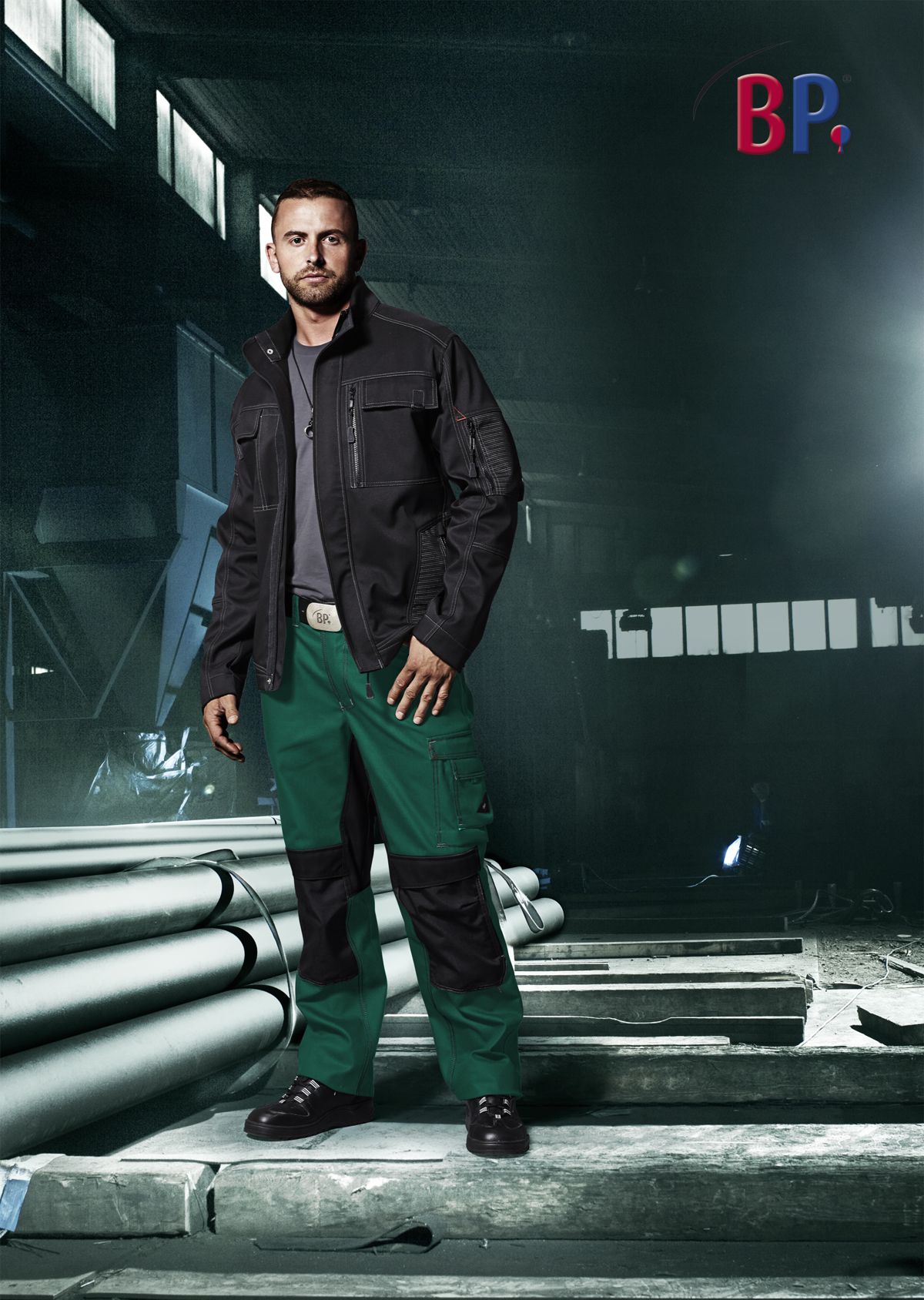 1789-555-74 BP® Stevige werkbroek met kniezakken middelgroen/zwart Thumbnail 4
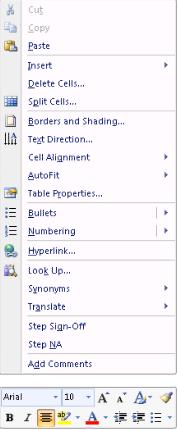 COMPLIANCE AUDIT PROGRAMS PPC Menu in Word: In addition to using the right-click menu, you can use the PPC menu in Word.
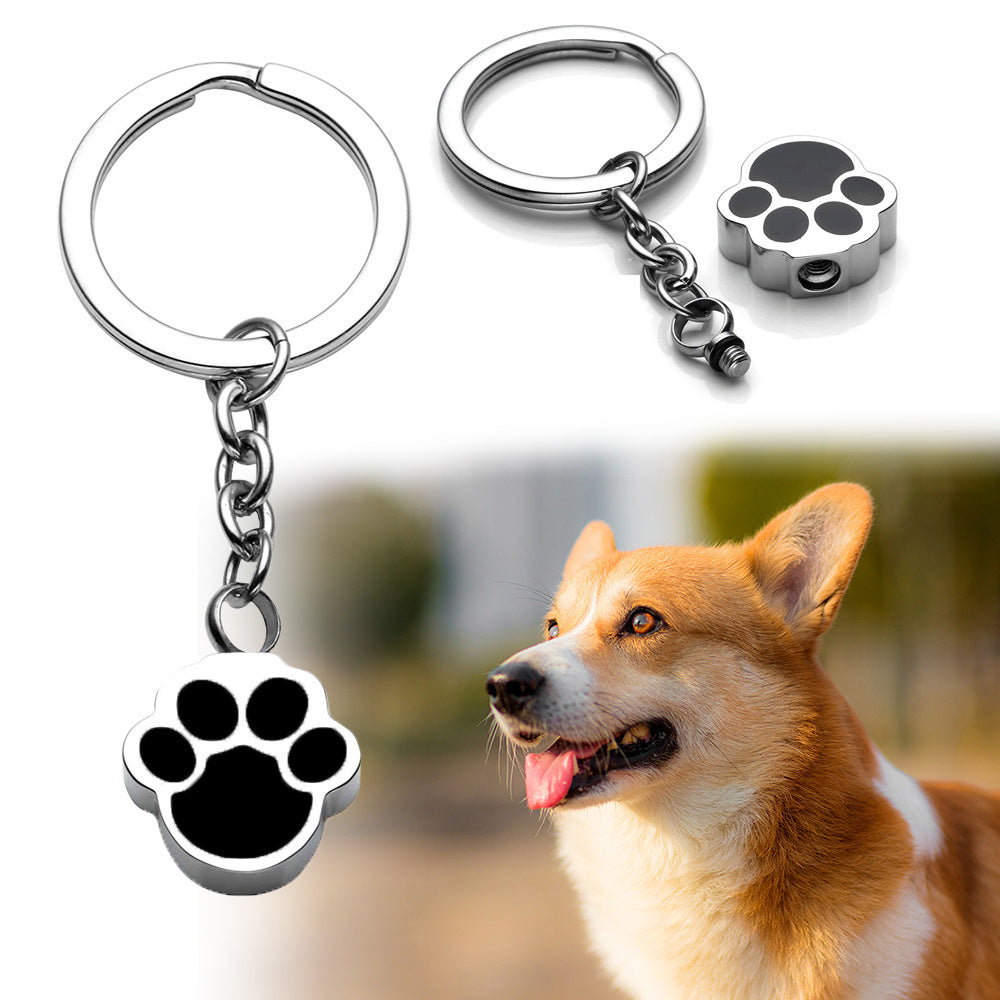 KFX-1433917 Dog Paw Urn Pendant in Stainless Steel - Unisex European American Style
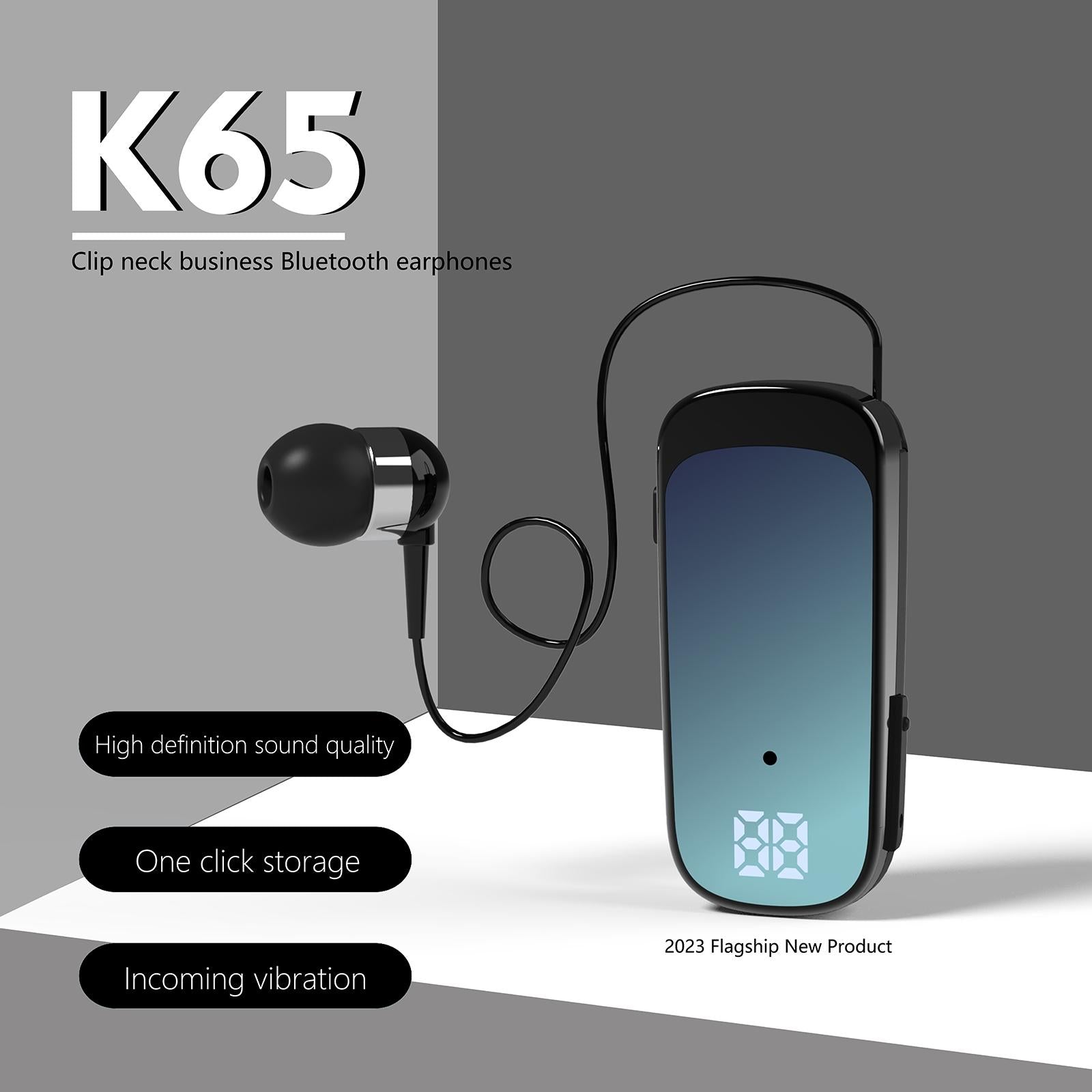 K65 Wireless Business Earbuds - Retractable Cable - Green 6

· · ·

Task item> Could you give the material again exactly as it stands, omitting any image?

Reply>
 1789-555-74 BP® Stevige werkbroek met kniezakken middelgroen/zwart Thumbnail 4
 COMPLIANCE AUDIT PROGRAMS PPC Menu in Word: In addition to using the right-click menu, you can use the PPC menu in Word.
 KFX-1433917 Dog Paw Urn Pendant in Stainless Steel - Unisex European American Style
 K65 Wireless Business Earbuds - Retractable Cable - Green 6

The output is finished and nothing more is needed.